If you are going to ask redundant questions, go back and read the three or four posts in which I went over this already. I'm not going to keep explaining this to people too dense to actually read the damn thread before chiming in with inane comments that have already been discussed. Look, it is right there. Go read the damn thing. Then add somthing useful to the dicussion instead of being a dimwit.

Track and field, a line judge calls the false starts. Two and you are DQ'd. If he had a twitchy eye and DQ'd you, you lose. No questions.


In Olympic Track and Field, false starts are determined by pressure sensors in the starting blocks. No judgement required. Know what you are talking about before babbling.

in hockey, a penalty call can take a player out of a game- giving teh opponent an advantage. this called late in the game with the game on the line will make the team nervous. they can lose because of a bad call...

I've gone into this before. The difference is that the referee is intended not to have an impact on the outcome of the game. Perhaps you should go back and inform your ignorant self about the arguments that have been previously posted in this very thread before bringing up the same repetitive blathering.
 

Storm Raven said:


So, you are saying you can't pick the winner of a footrace based on objective criteria? Odd. [/B]

Did you miss the smily? :D OOPS. I typed a :eek: instead of a :D

I agree about the referee. IF he does his job correctly, which in most cases is the truth, he should have no influence on the game's outcome. BUT on very rare occasions, ref's who do "do something wrong" as you said, can influence the outcome. I am not saying it is common occurance, but that is does have the slight possiblity of happening.

Now, saying that I agree about the truely "judged sports" like you say. I would never, and have never been interested in any sport where there is NO objective method of winning, (the footrace, a ball into a hoop-net-goal-etc.) To give something your all and have someone behind a desk say it was worse than someone who obviously performed substandard in comparison, is not my idea for competition.
 

ColonelHardisson said:
Y'know, another thing to consider is that, despite years of alleged bad judging, there are still skaters willing to compete. The athletes make a pact, of sorts, to accept the way the competition is handled.

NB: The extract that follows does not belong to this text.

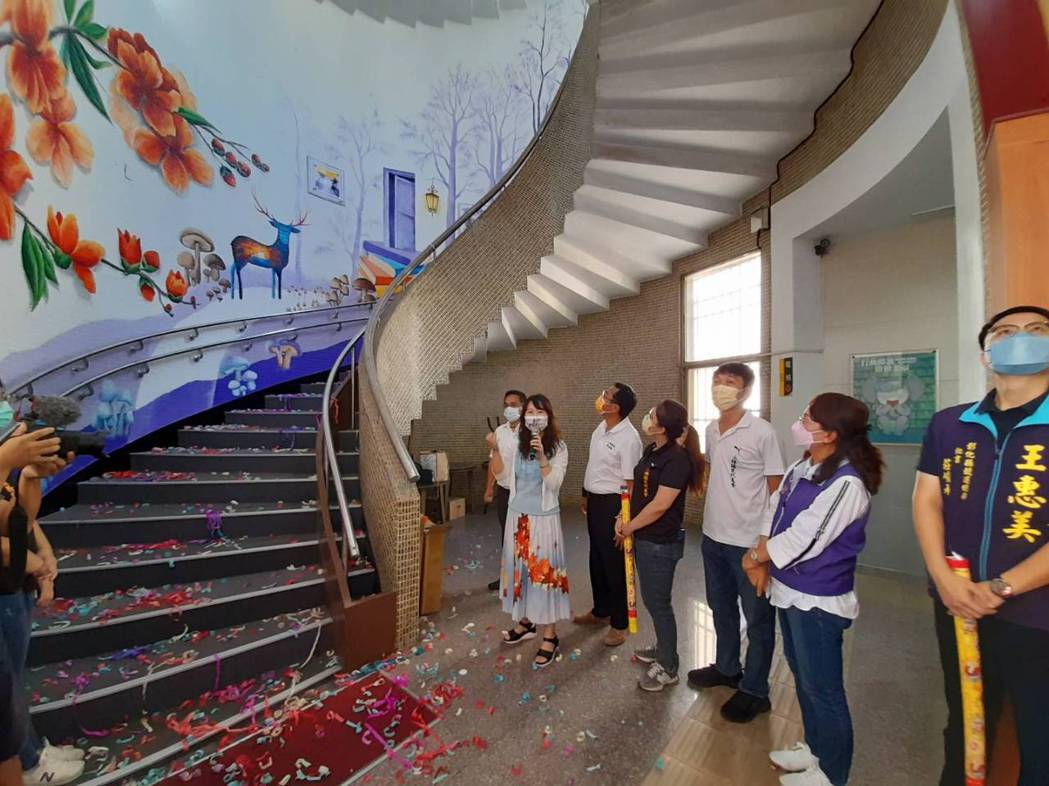 「二林鎮立圖書館」迴旋梯壁畫彩繪，由「武漢的女兒，台灣的媳婦」王莉老師以鎮內特色...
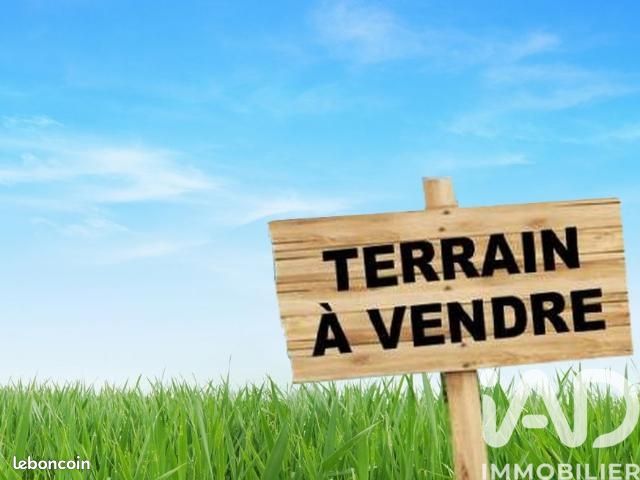 Terrain 2247 m² · à Ollioules · 2 247 m² · 275 000 €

It's not like they walked in and were stunned that there were judges. The point is this: a competition is based upon all participants knowing the objectives that need to be met in order to win. Skaters know they have to please the judges, and the audience also knows this. Yet there is a great deal of interest despite this. Everyone knows the judging is subjective - judges, skaters, audience, the Olympic committee, everyone. That's just the way the sport is.


So, corruption is okay if everyone agrees to it? You know, that's what did in the original Olympic games, only it took them centuries to get to the point where that happened. We got there in just a fraction of the time. Yippee!

In any event, any competition in which the winner is not wholly determined by events on the field of play, but by your demeanor at receptions before the event, and whether you "deserve" to win isn't a sport anyway. It is moving to beauty pageant territory.

There will always be controversy when judging is, by necessity, subjective in nature. Hell, there is plenty of controversy in sports that don't rely on subjective judging! That doesn't mean, necessarily, that the sport is corrupt and should be eliminated.

Events in which subjective judging is required are not sports and should not be treated as such. They are no different than beauty pageants, and I don't see a lot of people clamoring for the Miss Universe pageant to be included in the Olympics.